> _Materials provided_:
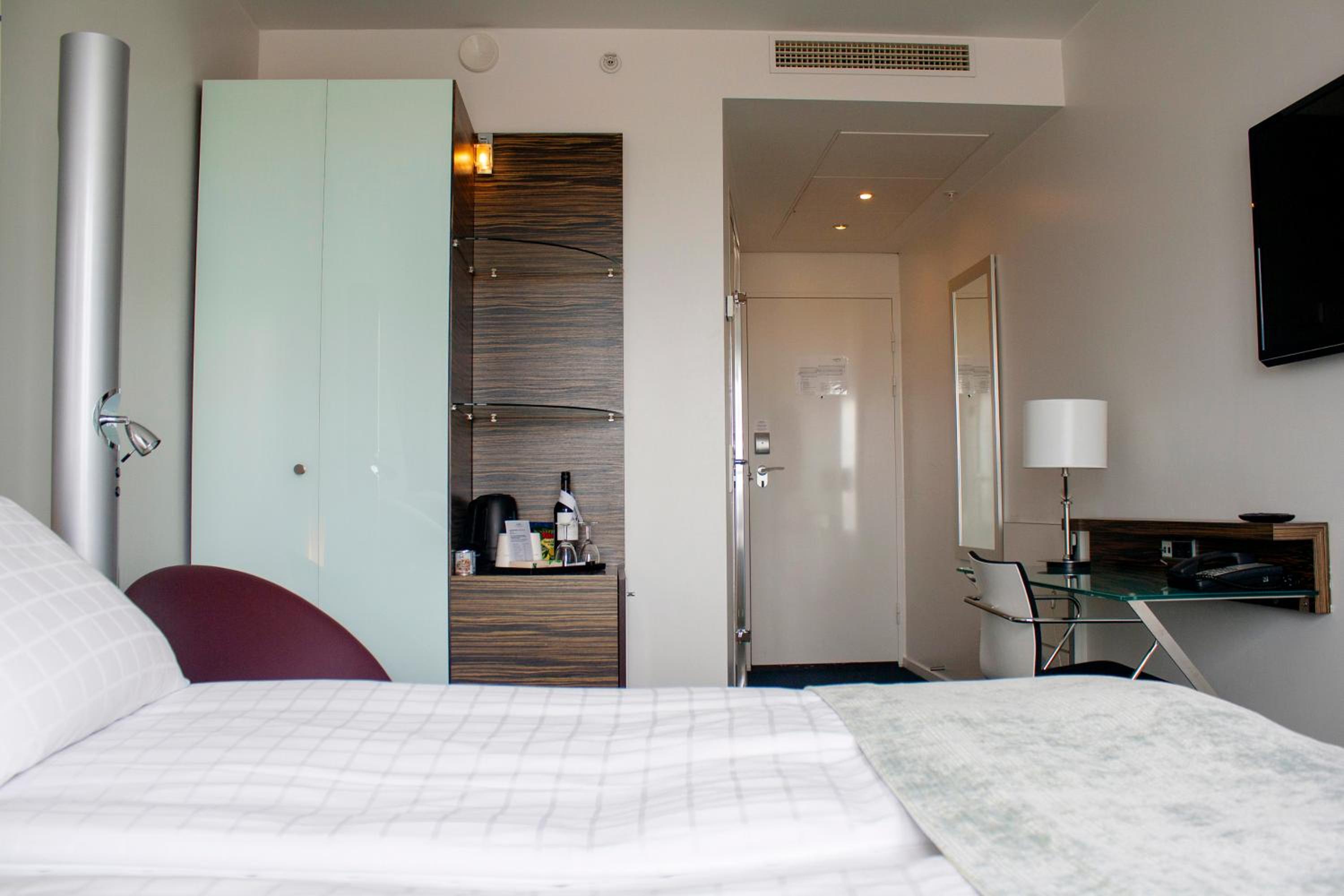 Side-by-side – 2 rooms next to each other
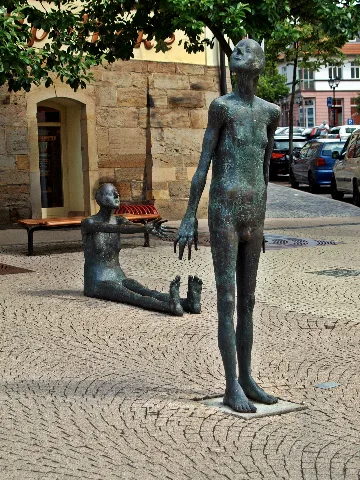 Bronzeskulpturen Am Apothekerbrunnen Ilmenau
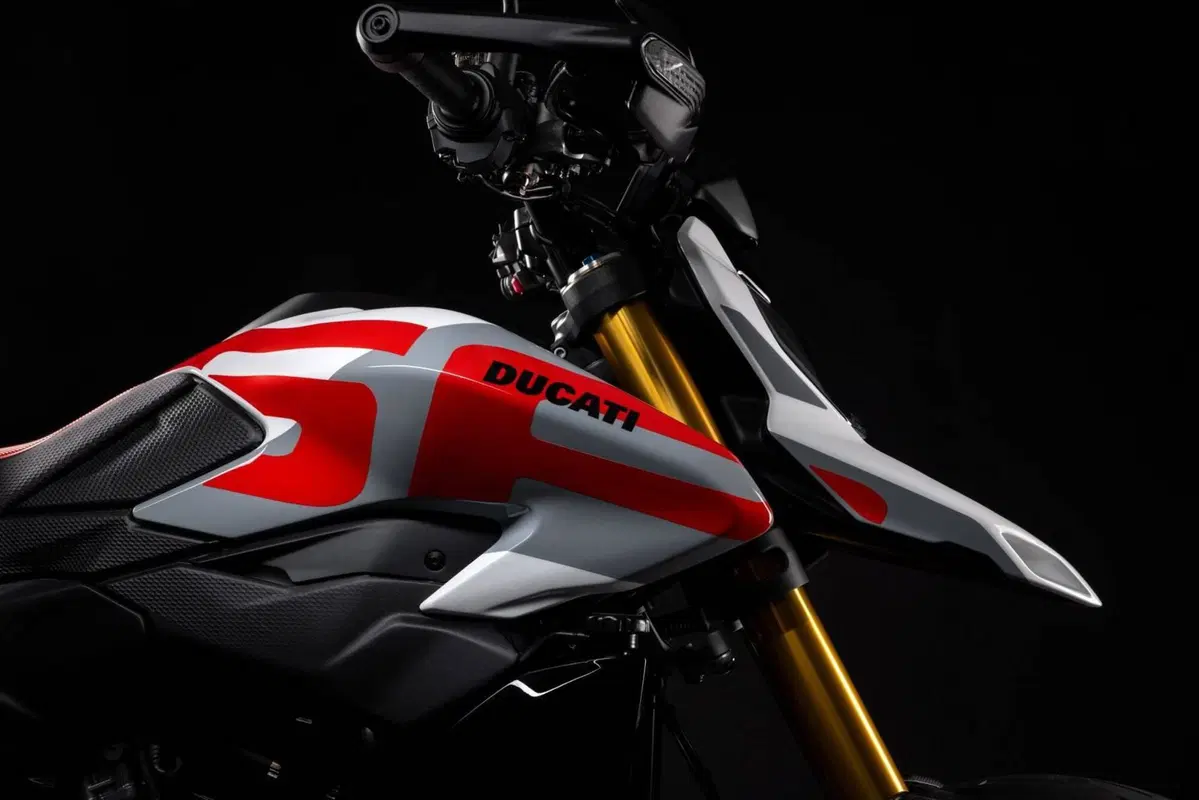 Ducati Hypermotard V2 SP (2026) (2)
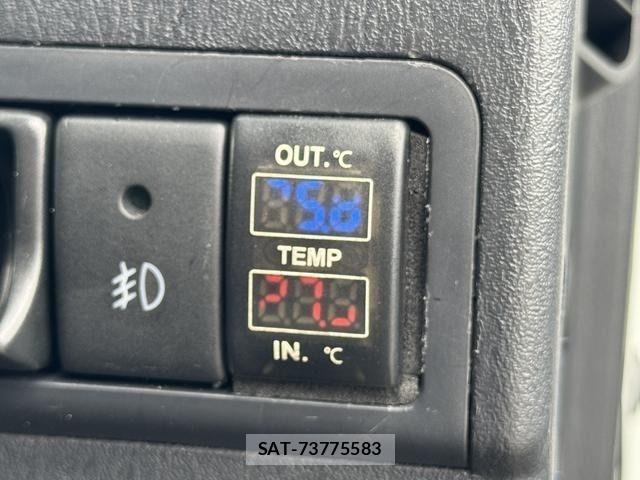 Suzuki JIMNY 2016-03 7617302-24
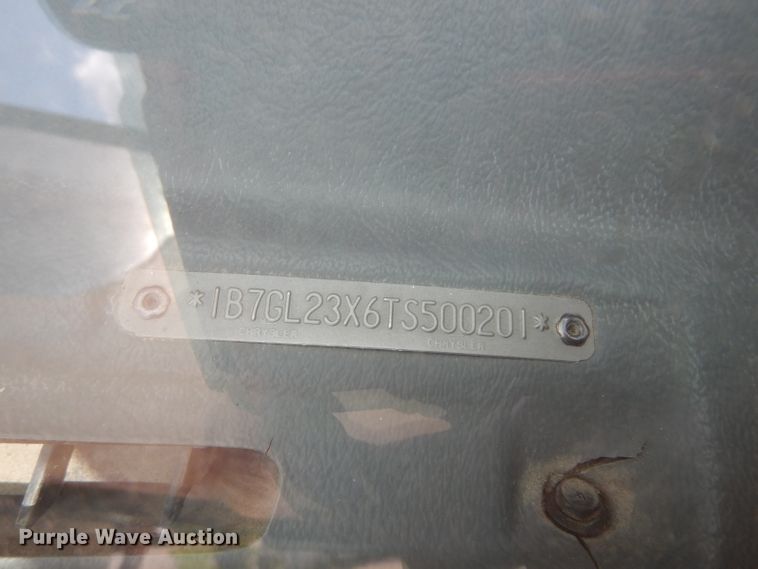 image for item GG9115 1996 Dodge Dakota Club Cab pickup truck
...
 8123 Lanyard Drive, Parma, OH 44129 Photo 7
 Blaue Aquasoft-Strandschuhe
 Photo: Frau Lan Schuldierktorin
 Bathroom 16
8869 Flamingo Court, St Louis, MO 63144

> _Exercise objective_:
Please, from the entries above, set down exactly the lines from the one containing "Bathroom 16" through the one containing "8869 Flamingo Court, St Louis, MO 63144", and only those.

> _Exercise solution_:
 Bathroom 16
8869 Flamingo Court, St Louis, MO 63144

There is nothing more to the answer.